# Board Specific Rules (*READ BEFORE POSTING*)



## Mr. Canucklehead

It's been a couple of years since the last update, and with some heavy action coming up soon, a refresher on the rules should benefit all of us.

As always, all of the site rules, explained in detail, can be found here - http://hfboards.mandatory.com/help/terms

Some of the most commonly broken rules will be outlined here:


*Flaming* - Don't make your posts personal. If you're attacking a specific poster or group of posters in your response, it's flaming. Personal shots aren't tolerated here or anywhere else on HF. 
*Trolling* - Don't try and provoke a reaction out from others. If the goal of your post is to anger other posters, it's trolling, and will be dealt with accordingly. Counter proposals can qualify as trolling on occasion.
*Spam Posts* - Posts containing only emoticons or images are considered spam and may be deleted as such. If there's no substance to your post, it will be removed. "Dominoes" is one example of this that isn't allowed. Please be sure to provide some actual content in each of your posts.
*Offensive Content* - This site is PG-13, and is moderated as such. If you wouldn't care to explain a joke or show an image to children, it most likely isn't appropriate for HF. Do not attempt to circumvent the profanity filter by altering how a word is spelled or typed. Doing so may result in an infraction. Let the filter do its job.
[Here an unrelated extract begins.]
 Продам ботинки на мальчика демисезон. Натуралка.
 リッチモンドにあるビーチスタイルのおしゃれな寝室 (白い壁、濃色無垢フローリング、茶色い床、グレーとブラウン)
And to follow up on that, some more Trades Board specific rules:


*Prefixes* - As many of you already know, every thread on the Trades Board is required to have a Prefix to help categorize it. If you're creating a thread, please be sure to select an appropriate prefix. There are more than enough to go around, but if you aren't sure which one to choose, feel free to PM a Trades Board moderator. If you're posting a rumor or a piece from a specific source, a link is required - the thread will be closed until one is provided. This will be outlined further in the next bullet.
*Links and Sources* - All rumors, confirmed transactions, and articles require links to be posted on the Trades Board. If one of these is posted without a link, it will be closed until one is provided. *Please be very careful about what your source is.* There are hundreds of fake Twitter accounts that will post fake tweets as true - do not post these here. We have a list of vetted sources that can break news - be sure any kind of confirmation is from one of those sources.
*Outlandish Proposals* - Please try and keep any proposals at least somewhat realistic. This isn't to say you can't make a proposal involving Crosby or Ovechkin, but if you're shipping out half of one team for half of another, it's probably better off unposted. Outlandish and lopsided proposals will be closed at the moderator's discretion. Also, as before, if your proposal involves more than three teams, it will be considered outlandish. We don't allow "30 Team Trade" threads - we haven't and we never will. This isn't to keep you from enjoying proposals, but simply putting caps on either end of the spectrum to prevent things from going sour quickly.
*Mega-Threads* - Occasionally, when a significant player has a large amount of talk surrounding their name, a mega-thread will be opened up to condense all discussion involving said player into one series of threads. This makes it easier for everyone to read through, and it keeps all of the information in one place. Please keep all discussion involving that player there - if it is found elsewhere on the Trades Board, it will be closed or merged. Mega-threads are high volume, so most active ones will usually be found on the first page or two of the forum.
*Validity of Sources* - Please do not post in threads simply to bash the source. Critiquing the validity of the source is fine, as long as it is civil and the post does not simply flame the writer and/or source. For example, posts such as "Eklund is trash", "Dreger is stupid", etc. are not allowed, but you can criticize the validity of the source as long as you are respectful and on-topic. Do remember that you do *not have to* click on any links or read through any threads - you do so on your own accord. If you are caught bashing the same source multiple times and providing no actual content, you may be subject to warnings, infractions, and forum-bans.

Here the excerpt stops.